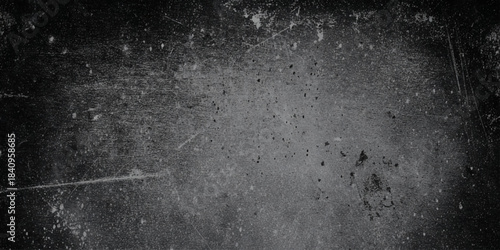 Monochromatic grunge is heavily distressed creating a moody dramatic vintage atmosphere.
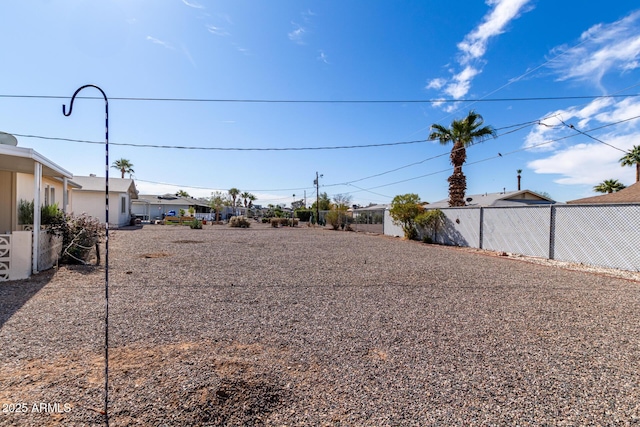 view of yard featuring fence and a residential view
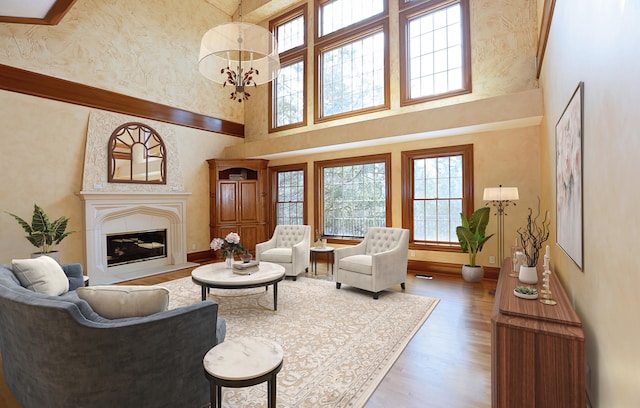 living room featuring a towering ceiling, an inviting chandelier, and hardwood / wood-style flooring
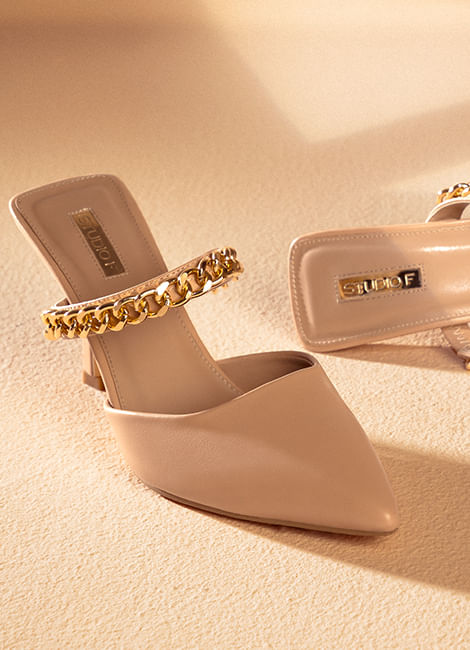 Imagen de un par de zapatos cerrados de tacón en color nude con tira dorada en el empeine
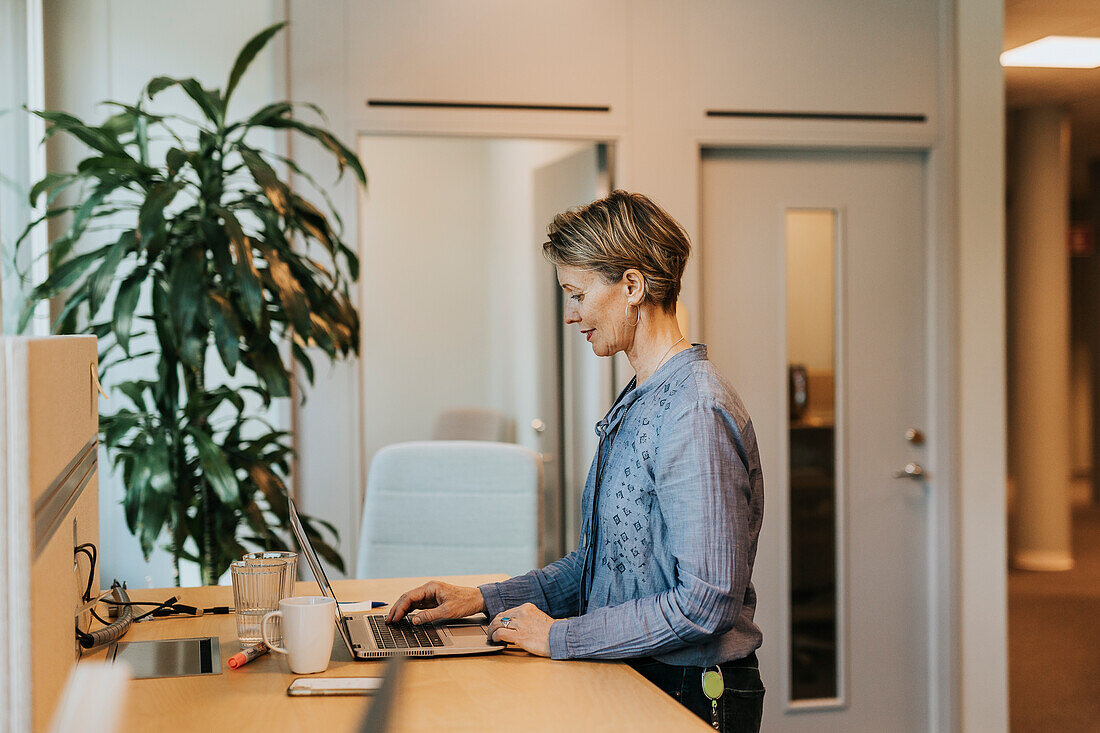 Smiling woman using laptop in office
····················
Problem to work on:
Copy the entries above exactly, but only the stretch from the line containing "view of yard" through the line containing "Imagen de un". Keep both end lines; drop the pictures.

Reply to the task:
 view of yard featuring fence and a residential view
 living room featuring a towering ceiling, an inviting chandelier, and hardwood / wood-style flooring
 Imagen de un par de zapatos cerrados de tacón en color nude con tira dorada en el empeine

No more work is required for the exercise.